Parole tratte da un bellissimo articolo – senza peli sulla lingua e politicamente molto poco corretto… – della nostra amica e musa ispiratrice Costanza Miriano, autrice del best seller “Sposati e sii sottomessa” e definita dal Catholic Herald come “la scrittrice cattolica più pericolosa del mondo”.

Costanza elogia il nuovo libro di Paola Belletti “Siamo donne. Oltre la differenziata c’è di più” e lo fa col suo caratteristico stile intenso e diretto in una recensione a cuore aperto che vi invitiamo a leggere integralmente a questo link. Di seguito riportiamo un altro passo.

“Paola Belletti va chirurgicamente a fondo del senso di tutto, la messa e i cartoni, presepi piscine e wi fi, i figli gli amici l’amore, libri e riviste recensite (Cosmopolitan definito fogna glitter è una sintesi mirabile, per esempio), senza escludere dallo sguardo niente di ciò che compone la sua vita. Tutto, nel caos apparente, ha un senso, e non perché ci sia un lavoro di sintesi, ma proprio perché il senso viene fuori, prepotente, dal respiro quotidiano che tutto ricompone al cuore di una vita unificata”.

La nostra vita, la nostra esistenza, può essere una cosa immensa. Libera e piena di meraviglia. Non c’è niente di davvero spaventoso, perché Cristo è Cristo, punto.

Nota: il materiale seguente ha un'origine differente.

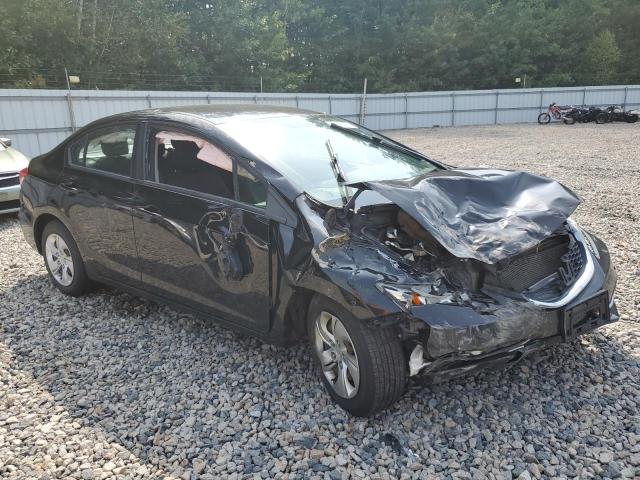 Photo 4 from auction – 2014 HONDA CIVIC LX with VIN 19XFB2F55EE250433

Paola Belletti, “Siamo donne. Oltre la differenziata c’è di più”

Condividiamo il meraviglioso articolo che la nostra musa ispiratrice Costanza Miriano ha dedicato all’ultimo libro di Paola Belletti, “Siamo donne”, sul suo blog

Se questo non fosse un paese profondamente, ostinatamente anticristiano, il libro di Paola Belletti se lo litigherebbero a suon di anticipi la Mondadori e la Feltrinelli (e lascia stare che lei pubblicherebbe lo stesso nella collana Uomovivo, per amicizia), sarebbe finalista a qualche premione tipo Strega o Campiello, e la intervisterebbero nei salotti buoni in tv, il che le darebbe una scusa per farsi truccare professionalmente, che è sempre una bella goduria per noi mamme che ci infiliamo matite negli occhi ai semafori.

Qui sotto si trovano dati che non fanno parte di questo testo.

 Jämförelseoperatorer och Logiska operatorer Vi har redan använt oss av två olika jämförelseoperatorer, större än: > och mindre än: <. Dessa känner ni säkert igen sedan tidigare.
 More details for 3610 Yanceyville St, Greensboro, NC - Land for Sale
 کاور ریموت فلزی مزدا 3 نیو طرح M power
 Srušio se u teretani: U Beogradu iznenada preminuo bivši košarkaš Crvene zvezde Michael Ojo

Prima di tutto perché la sua scrittura, affilata e ricca, precisa e gonfia insieme (non di ritenzione idrica) lo merita, poi perché invece non lo meritano la maggior parte dei libretti italiani oggi in circolazione, balbettanti esercizi di stile sul nulla e dintorni. Invece qualsiasi cretinata radical chic ben pompata da una casa editrice si guadagna l’espositore in libreria, mentre questo meraviglioso Siamo donne, oltre la differenziata c’è di più bisogna un po’ andare a cercarlo.

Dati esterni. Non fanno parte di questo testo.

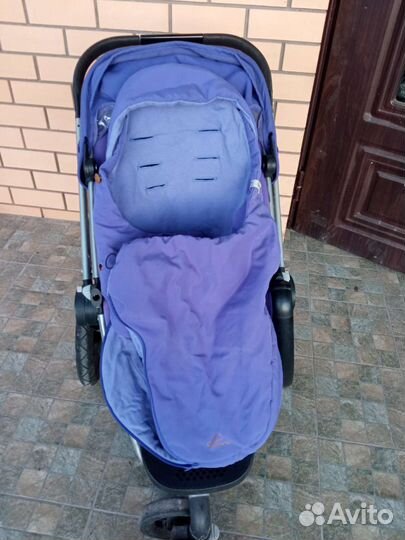 Коляска 2 в 1 quinny buzz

È un peccato perché Paola Belletti va chirurgicamente a fondo del senso di tutto, la messa e i cartoni, presepi piscine e wi fi, i figli gli amici l’amore, libri e riviste recensite (Cosmopolitan definito fogna glitter è una sintesi mirabile, per esempio), senza escludere dallo sguardo niente di ciò che compone la sua vita. Tutto, nel caos apparente, ha un senso, e non perché ci sia un lavoro di sintesi, ma proprio perché il senso viene fuori, prepotente, dal respiro quotidiano che tutto ricompone al cuore di una vita unificata. Una vita solo apparentemente complicata, alle prese con quattro figli e la malattia, alle prese con il lavoro e la casa e un meraviglioso marito primatista europeo di bradicardia, colui al quale l’umanità intera deve l’invenzione (da parte di sua moglie) della parola divanauro – la figura mitologica metà uomo metà divano – di cui mi sono impossessata. Per salvaguardare la coppia debbo dire che probabilmente la percezione di addivanamento da parte di qualche esemplare di moglie è accentuata dalla sua propria iperattività (leggi: Matteo fa un sacco di cose, siamo noi mogli che ne facciamo sempre una in più: e comunque abbiamo ragione noi).

È un peccato dicevo che non tutti gli italiani, anzi tutti gli umani, leggano questa mappa per la realtà, questo rivelatore di senso in ogni cosa, non per niente Paola è laureata in filosofia alla più antica università del mondo, e le è rimasta attaccato, anche quando si traveste da mamma e da scrittrice e da moglie, questo sguardo chirurgico sul mondo. Cristiano, ma chirurgico.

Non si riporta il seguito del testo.